La cuestión que me interesa con relación a esas exigencias nacionalistas es la que alude a la publicación de las balanzas fiscales de las Comunidades Autónomas, a partir de la cual ERC pretende demostrar -acompañada en esto por sus socios del Gobierno catalán- que la contribución de Cataluña a la redistribución interregional de la renta española es excesiva. Y el economista difunto no puede ser otro que Ramón Trias Fargas. Este profesor de la Universidad de Barcelona fue quien, en su Introducción a la economía de Cataluña, basándose en algunos trabajos precedentes sobre la balanza de pagos de esa región, argumentó que el ahorro generado en ella era superior a la inversión, y que tal situación perjudicaba su desarrollo económico. Imbuido de una idea más bien autárquica, propuso que para impulsar el crecimiento catalán era necesario «ahorrar más y procurar perder el mínimo posible de nuestro ahorro fuera de Cataluña», lo que se habría de lograr disminuyendo al máximo el déficit fiscal.
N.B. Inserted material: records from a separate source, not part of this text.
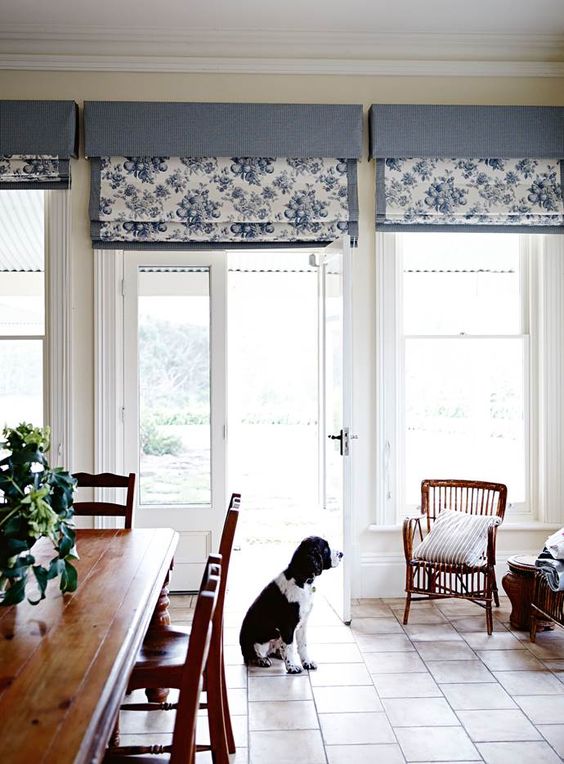 a classic dining room with windows and doors styled with blue floral print Roman shades is a cool bold space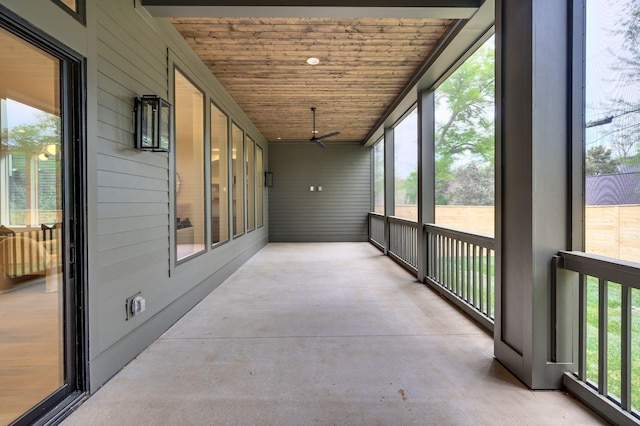 unfurnished sunroom featuring ceiling fan, a healthy amount of sunlight, and wood ceiling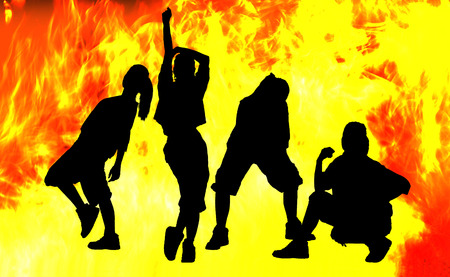 Shadow of four girls dancing in fire background.の写真素材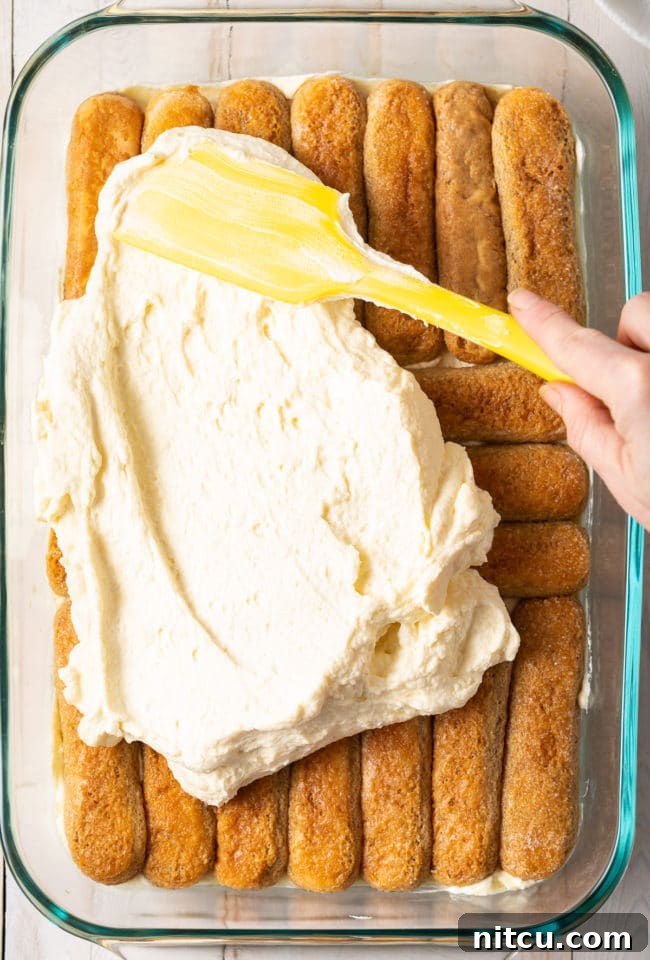 A spatula smoothly spreading a generous layer of creamy mascarpone mixture over the coffee-soaked ladyfingers in the baking dish, creating the iconic layers.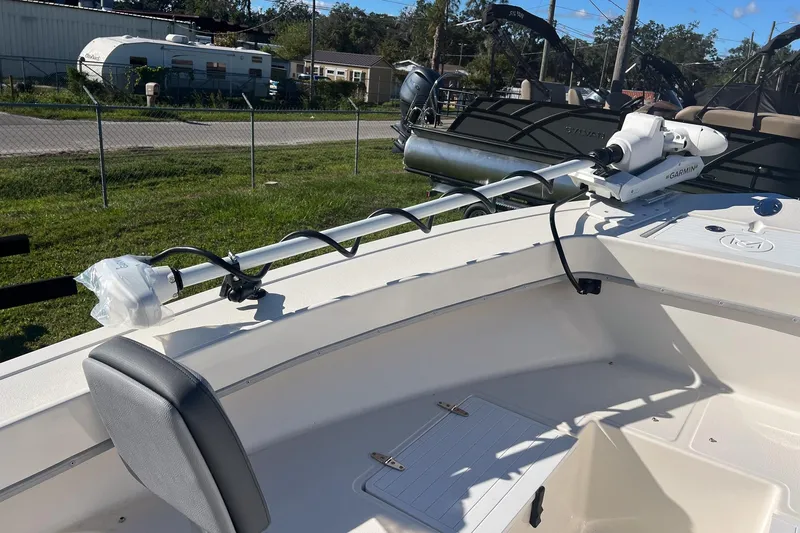 Slide: The Image of 2026 May-Craft 238 Center Console boat with Garmin trolling motor on deck. - 47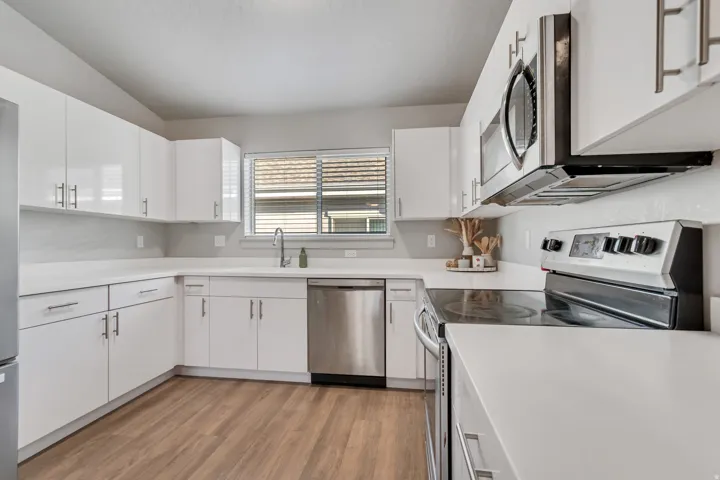 Kitchen featuring white cabinetry, light-toned countertops, stainless steel appliances, wood-finish flooring, and a window with blinds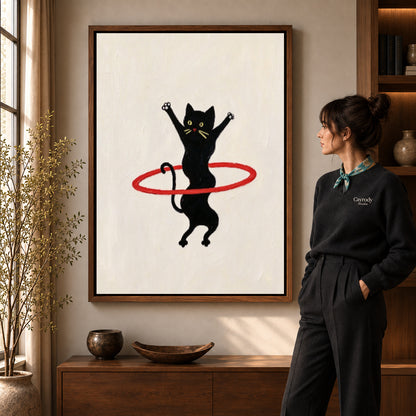 hula hoop cat canvas art in a walnut frame beside a standing woman and wooden console.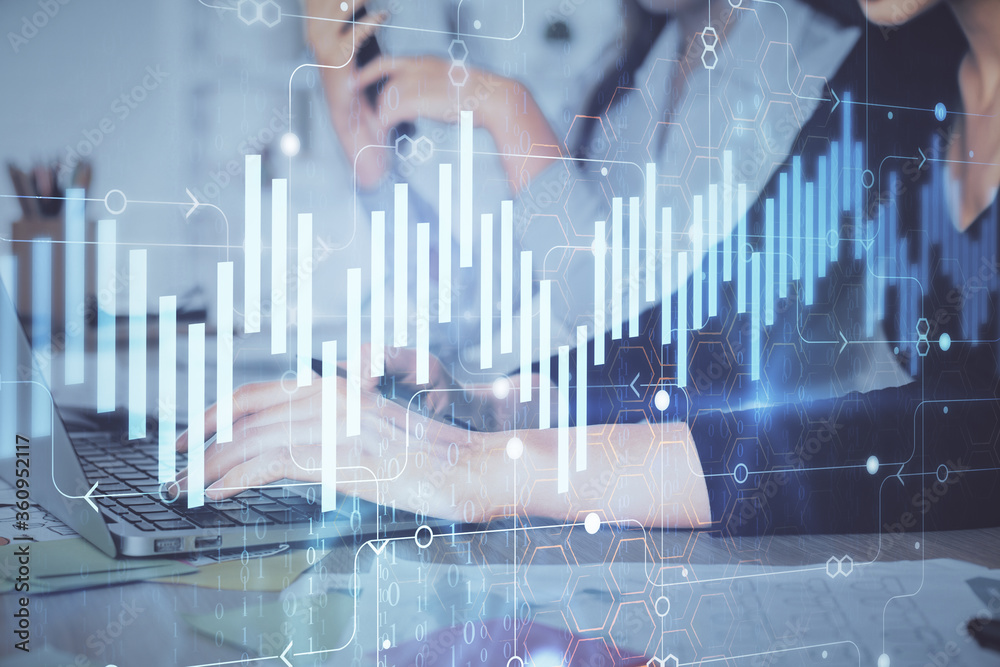 Multi exposure of woman hands typing on computer and financial graph hologram drawing. Stock market analysis concept. Multi exposure of woman hands typing on computer and financial graph hologram drawing. Stock market analysis concept.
Y, sobre esta base, pretendió asentar un «nuevo regionalismo» cuyo carácter populista vendría determinado por el hecho de que en él confluirían los intereses de «la Cataluña de los ricos y la Cataluña de los pobres», pues «cuando decimos que el ahorro catalán debe permanecer en Cataluña, decimos algo que le conviene al empresario… y decimos algo que igualmente conviene al asalariado». Ni que decir tiene que Trias, como cualquier otro populista, eludió el molesto problema de la distribución de la riqueza señalando que «una vez incrementada la renta regional, veremos cómo la repartimos». Y concluyó, para reafirmar el carácter interclasista de su nacionalismo, proclamando que «el catalanismo como exclusiva de la burguesía ha terminado».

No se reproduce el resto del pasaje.